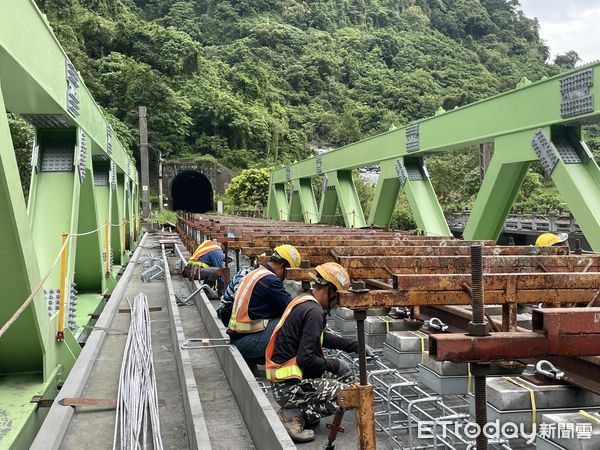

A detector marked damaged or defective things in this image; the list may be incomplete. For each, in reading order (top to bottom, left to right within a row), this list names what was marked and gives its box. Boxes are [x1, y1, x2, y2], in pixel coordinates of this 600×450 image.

rusty steel beam [428, 306, 600, 362]
rusted steel girder [428, 310, 600, 362]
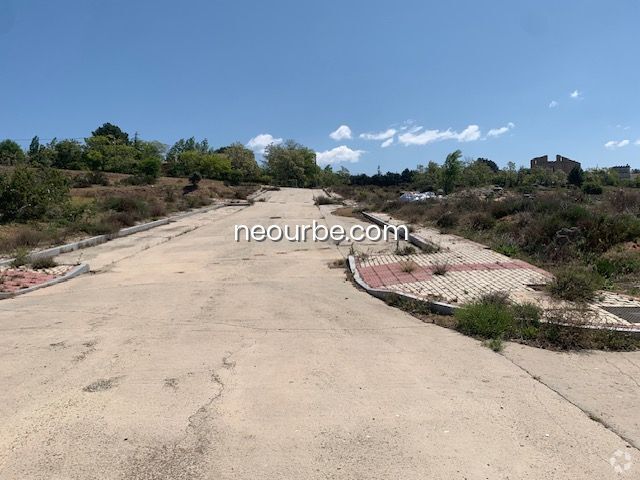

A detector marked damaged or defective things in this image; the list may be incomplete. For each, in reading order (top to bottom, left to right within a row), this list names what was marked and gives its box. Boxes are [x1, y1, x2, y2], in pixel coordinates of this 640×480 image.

cracked concrete road [0, 189, 636, 478]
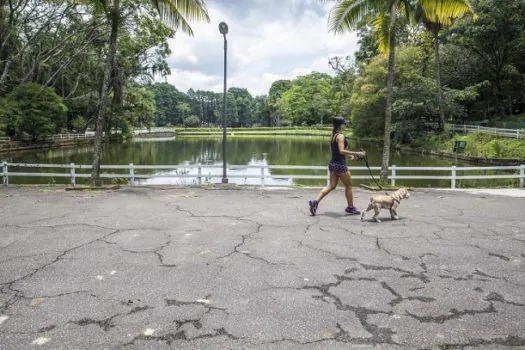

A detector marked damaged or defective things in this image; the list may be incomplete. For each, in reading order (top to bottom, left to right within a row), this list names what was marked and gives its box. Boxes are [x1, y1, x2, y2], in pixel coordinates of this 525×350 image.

cracked asphalt [1, 187, 524, 348]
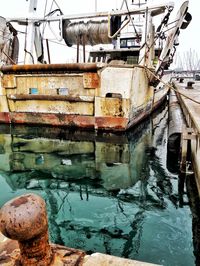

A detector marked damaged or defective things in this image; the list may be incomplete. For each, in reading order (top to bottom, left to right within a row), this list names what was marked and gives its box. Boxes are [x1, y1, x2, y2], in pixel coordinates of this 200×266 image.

rusty fishing boat [0, 0, 191, 131]
rusty metal bollard [0, 193, 52, 266]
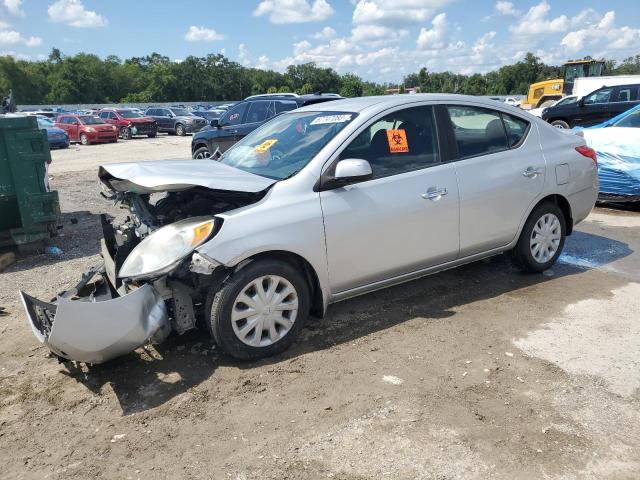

══════

* [What you are asked to do]
In the records above, find the line containing "this 525×350 image.", then write out exactly that line and every later one through the last, omitting pictures.

* [Answer to this problem]
A detector marked damaged or defective things in this image; the list may be incomplete. For each, in reading order (top to bottom, left to right within a row), this list names what was marked and gives its box. Boxes are [x1, y1, x2, y2], in pixel coordinates of this 525×350 image.

cracked asphalt [1, 187, 524, 348]

A detector marked damaged or defective things in this image; the list may be incomplete. For each, in reading order (top to bottom, left to right within a row), this list names what was marked and gives its box. Boxes are [x1, y1, x2, y2], in pixel coordinates of this 200×266 image.

rusty fishing boat [0, 0, 191, 131]
rusty metal bollard [0, 193, 52, 266]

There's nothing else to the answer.